Es war die Zeit der Dating Lines Ich griff zum Hörer, wählte und hatte schnell eine Verabredung für den Abend.
Ich sollte Bier mitbringen, weil er pissen wollte, ich sollte ihn ficken, und vielleicht wollte noch ein Freund von ihm kommen. Ich war mit allem einverstanden und dachte doch an nichts anders als an die schwarzen Teller, die ich ablecken wollte, und nie ablecken durfte.
Ich nahm die S-Bahn und kaufte zwei Sixpacks im Edeka in seiner Straße. Als ich vor seiner Haustür stand, zögerte ich. Die Abendsonne schien mir ins Gesicht. Sie sah so schön rot aus. Ich könnte einen Spaziergang machen, dachte ich noch. Aber dann sah ich auf die Bierdosen in meiner Hand und ging in den Hausflur.
Er war groß, schlank und nackt.
Ich hatte gedacht, dass wir sofort übereinander herfallen würden, doch stattdessen plauderte er auf mich ein und führte mich in den hell erleuchteten, quadratischen Flur. Dort setzte ich mich auf einen Stuhl und zog meine Schuhe aus. Dieser Stuhl war aus Pappe, es gab mehrere davon, aus dunklen und hellen gepressten Papplagen.
Er sah nicht unsympathisch aus, wie er an die Wand gelehnt stand, die Lippen bewegte und sich dabei über den Schwanz strich.
Mitten im Flur stand ein riesiger Tisch, auf dem ein Durcheinander von Papieren herrschte. Je länger ich hinsah, desto mehr Pappschachteln, Plastikröhrchen und Gläschen sah ich aus der Papierflut auftauchen, Tablettenverpackungen aller Art, eine Batterie von Medikamenten, die ich nicht kannte. Ich dachte: Hat er HIV? Vielleicht hat er HIV. Dann war ich mir sicher, dass er HIV hatte.
Ich zog die Jacke aus.
„Kannst du morgen ausschlafen?“, fragte er.
„Ja“, sagte ich und schob die Bierdosen in die Unordnung auf dem Tisch. Er erzählte von gefühlvollen Kolleginnen, die rücksichtsvoll damit umgehen würden, wenn er morgen nicht fit war.

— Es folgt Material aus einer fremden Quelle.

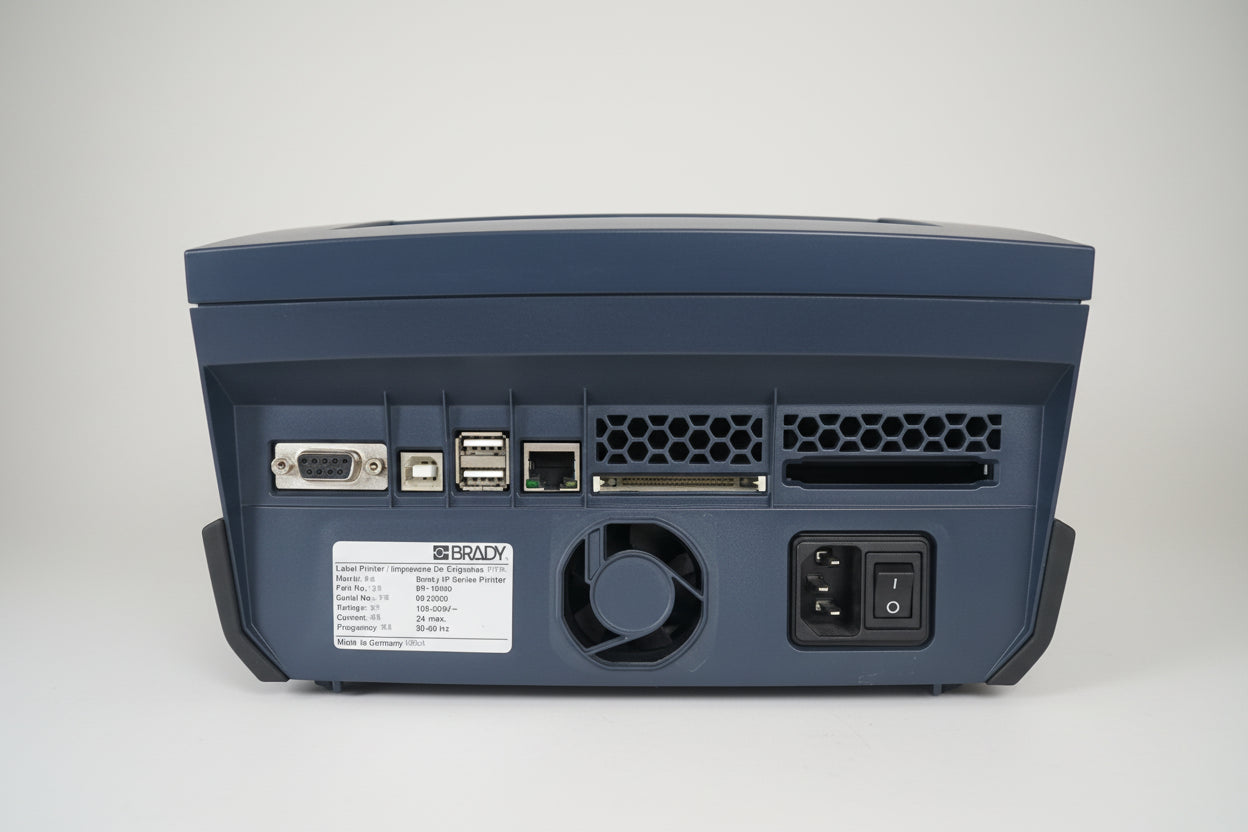 Brady BP-IP300-P Thermotransfer Barcode Etikettendrucker - Gebraucht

„Schluckst du?“, fragte er, öffnete zwei Dosen, reichte mir eine, wir prosteten uns zu.
„Mein eigenes schon“, gab ich zurück und versuchte zu grinsen.

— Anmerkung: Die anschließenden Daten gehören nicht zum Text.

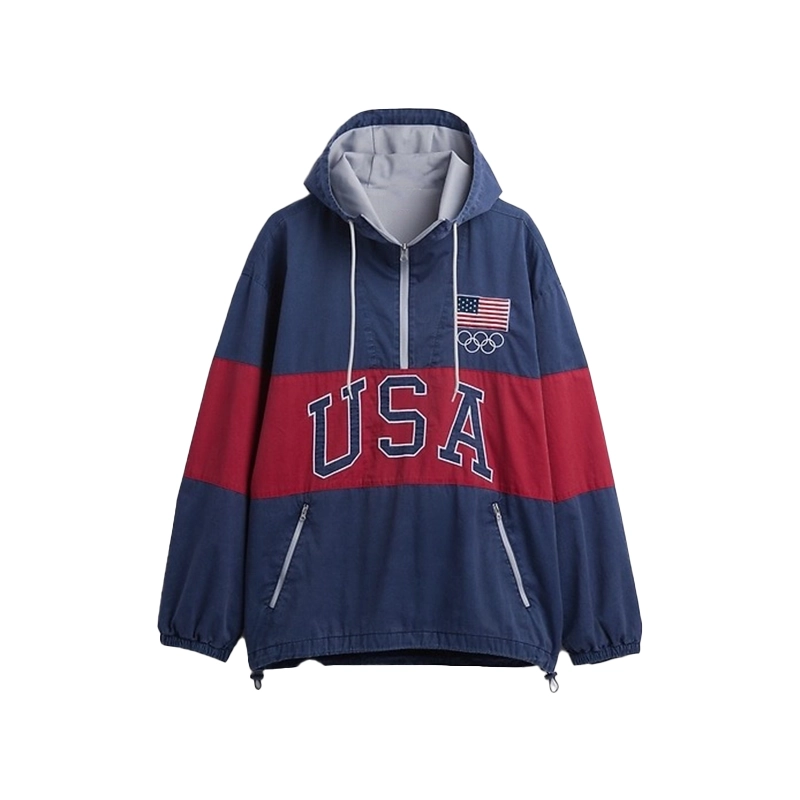 Gap Team USA Oversized Anorak Jacket For Man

„Lecker“, sagte er und wischte sich Bier vom Mund.
Die Deckenlampe warf ein grelles Licht auf die Medikamente, aber ich sah nur, wie wir uns küssten, stöhnten und uns tiefe Stöße versetzten. Und saß regungslos da. Irgendwie schaffte es die Abenddämmerung aber doch noch in den fensterlosen Flur, die Erinnerung daran, wie schön die Welt draußen jetzt sein musste, in Rot getaucht. Draußen war das Leben schön, und hier standen Medikamente. Ich saß wie betäubt ohne Schuhe und Jacke auf dem Pappstuhl und mein halbsteifer Schwanz drückte gegen meine frisch rasierten Eier. Und hatte zugleich Angst.
Ich war seiner Stimme am Telefon gefolgt, hatte Bier gekauft, wollte trinken, pissen, ficken, ihn küssen, hatte eben noch in den Sonnenstrahlen draußen das pralle Leben gespürt, prall wie mein Arsch, meine Schenkel und Lippen.
Der Abendhimmel drang zwar weiter vor, aber alles, was ihm gelang, war, meinen Phantasien einen Rotstich zu versetzen, von dem zwei-, dreimaligem Spermaschwall, den dieser Mann und ich abspritzten. Auf die Pappstühle. Es rann zäh und langsam über die hellen und dunklen Pappschichten. Und wir leckten es, die Stuhlbeine hinauf, über die Sitzflächen, die Lehnen hinab. Lecker!
„Ich muss mal ins Bad“, sagte er und verschwand.
Da saß ich, allein, in einem Flur voller Bierdosen, Pappstühle, Medikamente und ohne Fenster.
Geh jetzt, sagte ich zu mir. Ich hörte es ganz deutlich: Geh jetzt.
Ich hätte Schuhe und Jacke anziehen und gleich gehen können. Ich hätte Schuhe und Jacke anziehen, mich, sobald er aus dem Bad zurückkam, von ihm verabschieden und dann gehen können. Stattdessen blieb ich auf dem Pappstuhl sitzen.
Schluckst du?
Nein!
Er kam aus dem Bad und fragte: „Gehen wir nach nebenan?“
Und wortlos ging ich mit ihm nach nebenan.